(Collected data entries)
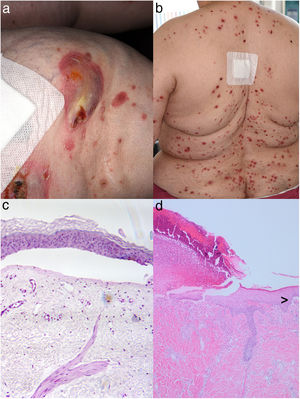 Showing crusty burst blisters on the right knee (a) and multiple papules with central dark plugs on the back (b) of a diabetic patient under DPP4i treatment. Histopathological examination of a skin biopsy specimen taken from the right knee revealed the presence of sub-epidermal bullae containing some perivascular lymphocytic infiltrates without eosinophils (c). Histology obtained from a papulous lesion on the upper back partly revealed transepidermal elimination of necrotic basophilic collagen bundles into a cup-shaped epidermal depression, whereas the here shown figure is dominated by ulceration (d; hematoxylin–eosin stain, magnification 200×). Interestingly, the border of a sub-epidermal blister formation is also seen (>; hematoxylin–eosin stain, magnification 100×).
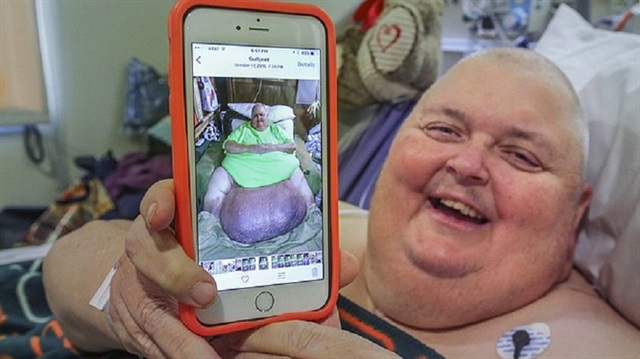 60 kiloluk tümörden kurtuldu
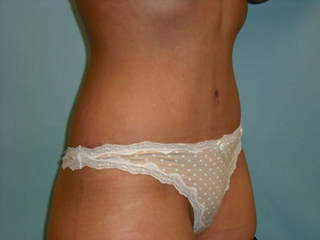 Tummy Tuck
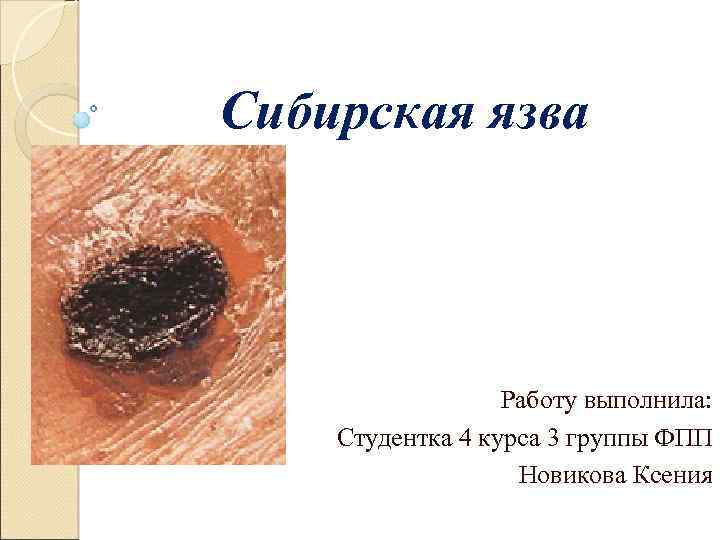 Сибирская язва Работу выполнила: Студентка 4 курса 3 группы ФПП Новикова Ксения 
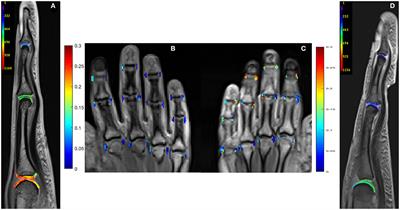 Cartilage Degradation in Psoriatic Arthritis Is Associated With Increased Synovial Perfusion as Detected by Magnetic Resonance Imaging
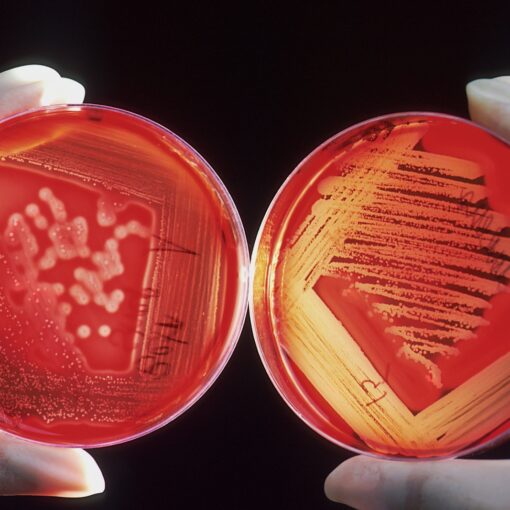 MRSA Symptoms - Causes and Risk Factors - Complications and Treatments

■ Exercise aim ■
Your answer must be the records above, word for word, with every picture left out.

■ Problem solution ■
 Showing crusty burst blisters on the right knee (a) and multiple papules with central dark plugs on the back (b) of a diabetic patient under DPP4i treatment. Histopathological examination of a skin biopsy specimen taken from the right knee revealed the presence of sub-epidermal bullae containing some perivascular lymphocytic infiltrates without eosinophils (c). Histology obtained from a papulous lesion on the upper back partly revealed transepidermal elimination of necrotic basophilic collagen bundles into a cup-shaped epidermal depression, whereas the here shown figure is dominated by ulceration (d; hematoxylin–eosin stain, magnification 200×). Interestingly, the border of a sub-epidermal blister formation is also seen (>; hematoxylin–eosin stain, magnification 100×).
 60 kiloluk tümörden kurtuldu
 Tummy Tuck
 Сибирская язва Работу выполнила: Студентка 4 курса 3 группы ФПП Новикова Ксения 
 Cartilage Degradation in Psoriatic Arthritis Is Associated With Increased Synovial Perfusion as Detected by Magnetic Resonance Imaging
 MRSA Symptoms - Causes and Risk Factors - Complications and Treatments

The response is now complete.